# Favorite Scriabin Preludes, favorite recordings



## clavichorder

I'm curious to know what others have taken to be the gems amongst gems in Scriabin's good sized output of short preludes. 

Also, recent or older, which pianist do you think gives them the best interpretation, either as a cycle or with an individual piece?


----------



## Vaneyes

Re Preludes, I have recs with Feltsman, Crossley, Melnikov, Mustonen, Sofronitsky, Horowitz, Pletnev. Thankfully, rating pieces or performances hasn't been necessary. :tiphat:


----------



## clavichorder

I am looking to learn one, that's why I ask about favorites.

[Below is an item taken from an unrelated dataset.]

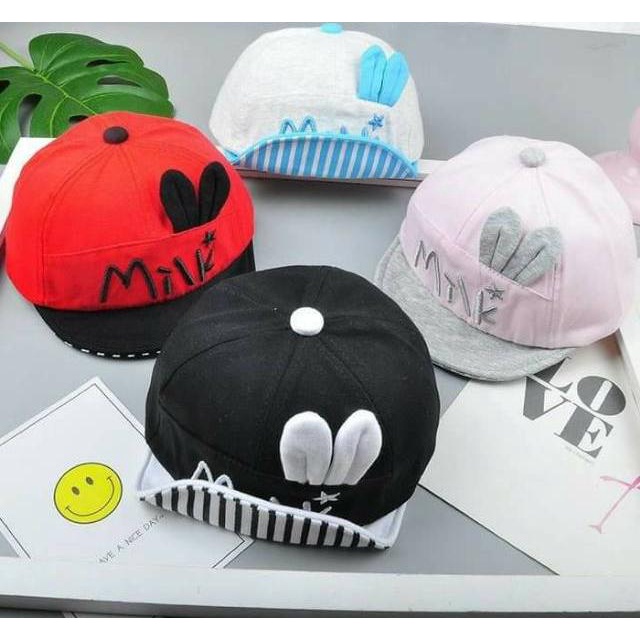 Topi bayi baby milk topi anak kupluk anak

I am really attracted to both op. 16 no. 1 and 16 no. 4, which both appear playable despite tricky key signatures.


----------



## DeepR

I adore Scriabin's preludes. Op. 16 No. 4 must be his easiest piece.
Horowitz is always good. Pletnev for Op. 11. Richter is fine (live on youtube) but rushes a few of them.

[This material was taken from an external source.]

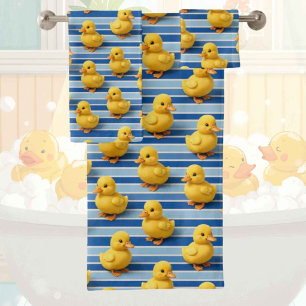 Conjunto de toalla de baño de pato de goma para be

I haven't listened to all of them yet but can give my favorites from Op. 11: No. 1, No. 5, No. 8, No. 10, No. 11, No. 14, No. 19, No. 24

I really like Op. 11 No. 19 at the moment, ravishing piece:





Another beautiful, somewhat Debussy-like prelude, Op. 17 No. 3:





I'm more attracted to his earlier preludes, but Op. 74 No. 2 is really special and ominous (and also his last piece!):


----------



## Schumann

Scriabin preludes Op. 13,15,17 performed by Piers Lane are among my favorites.


----------



## Itullian

I have Ruth Laredo and like them very much.


----------



## Bulldog

If I had to pick favorites, it would be the Op. 11 preludes played by Marta Deyanova on Nimbus - the sensuality in her interpretations is stunning (and a turn-on).


----------



## Mandryka

Bulldog said:


> If I had to pick favorites, it would be the Op. 11 preludes played by Marta Deyanova on Nimbus - the sensuality in her interpretations is stunning (and a turn-on).


Thanks for mentioning Marta Deyanova. I just played it for the first time, and I was really struck by how it's both sensual (as you say) and not at all sentimental. A great find!


----------